▶ Image-caption web data
+++
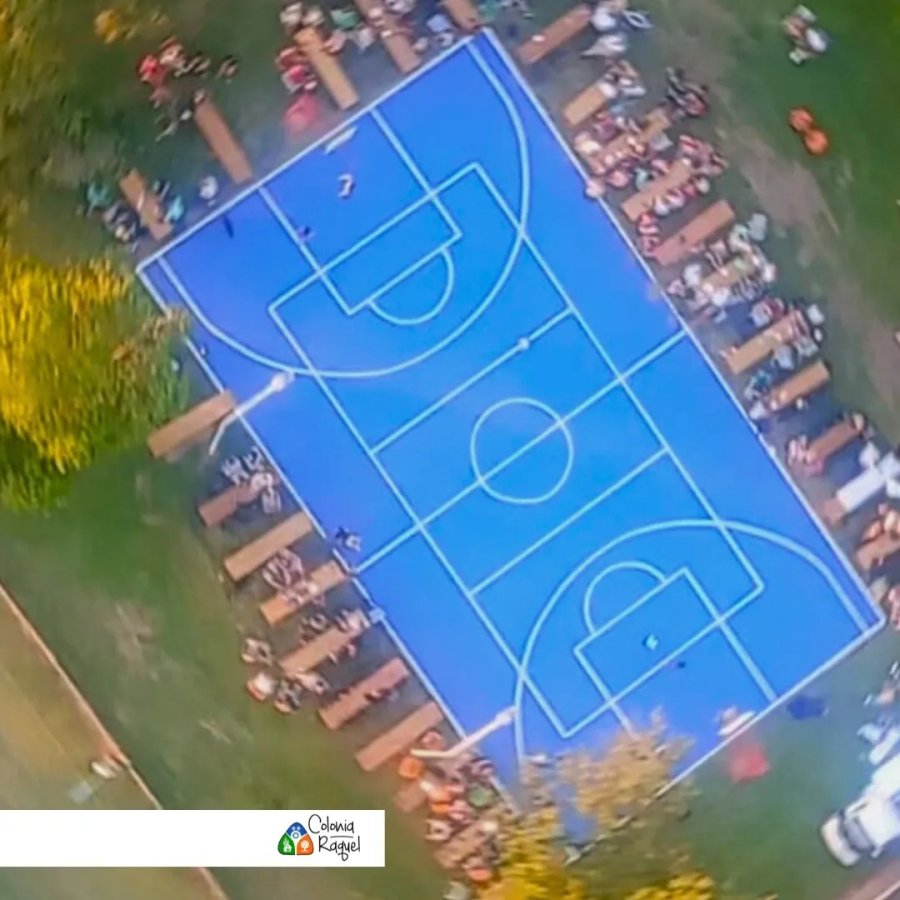 Estupenda vista aérea del playón.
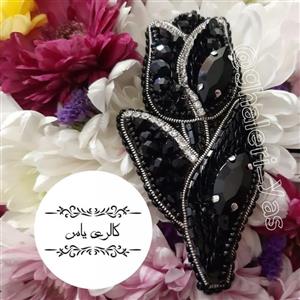 سنجاق سینه لاله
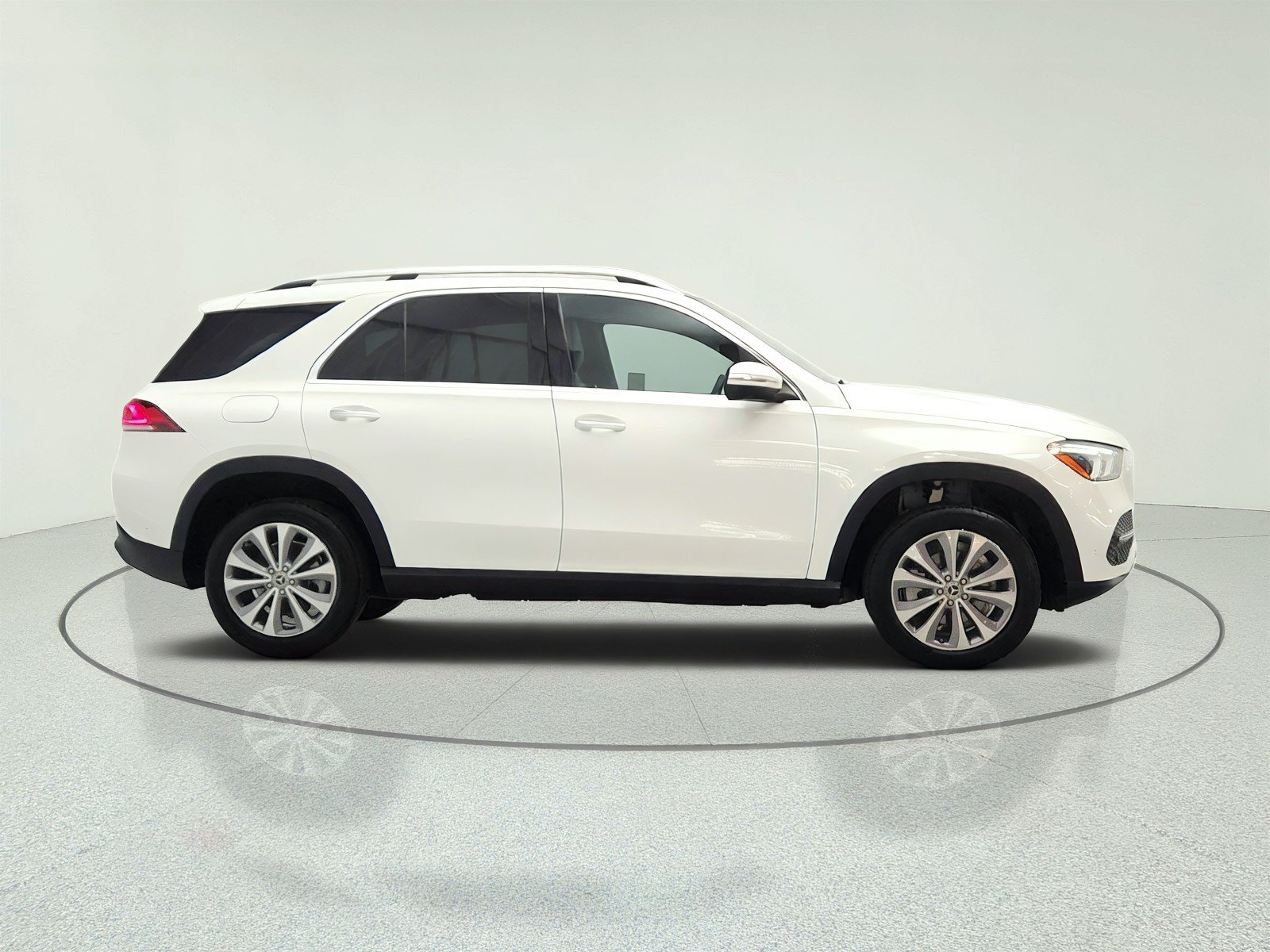 Certified Used 2023 Polar White Mercedes-Benz GLE 350 4MATIC® SUV image 4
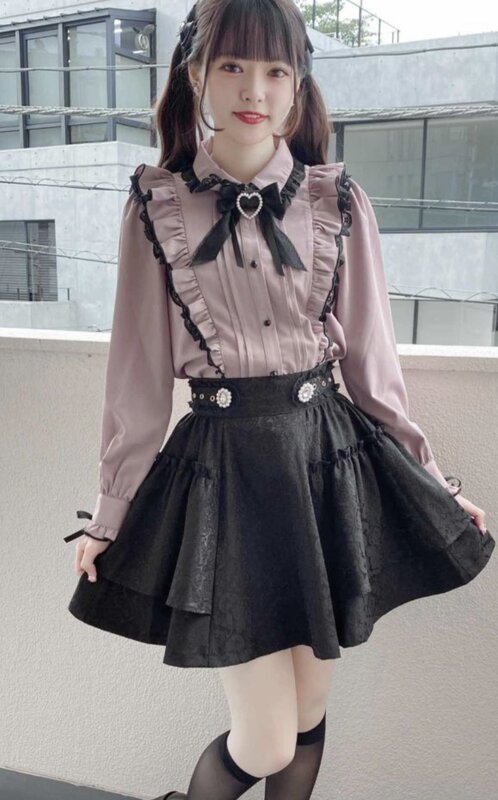 Mini-saia preta de cintura alta feminina, Jacquard plissado, capa no comprimento da coxa, slim fit, produção em massa por mina, verão, novo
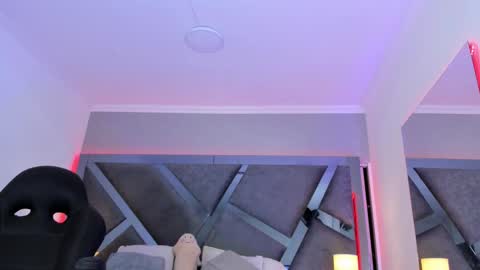 Amber  online show from 03/07/25, 11:40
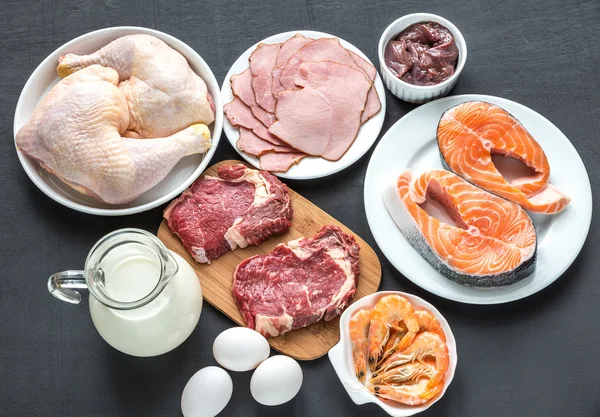 Dieta de proteína: produtos crus no fundo de madeira — Fotografia de Stock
+++
▶ Task statement
Your copy of the records above should be exact and contain no pictures.

▶ Answer area
 Estupenda vista aérea del playón.
 سنجاق سینه لاله
 Certified Used 2023 Polar White Mercedes-Benz GLE 350 4MATIC® SUV image 4
 Mini-saia preta de cintura alta feminina, Jacquard plissado, capa no comprimento da coxa, slim fit, produção em massa por mina, verão, novo
 Amber  online show from 03/07/25, 11:40
 Dieta de proteína: produtos crus no fundo de madeira — Fotografia de Stock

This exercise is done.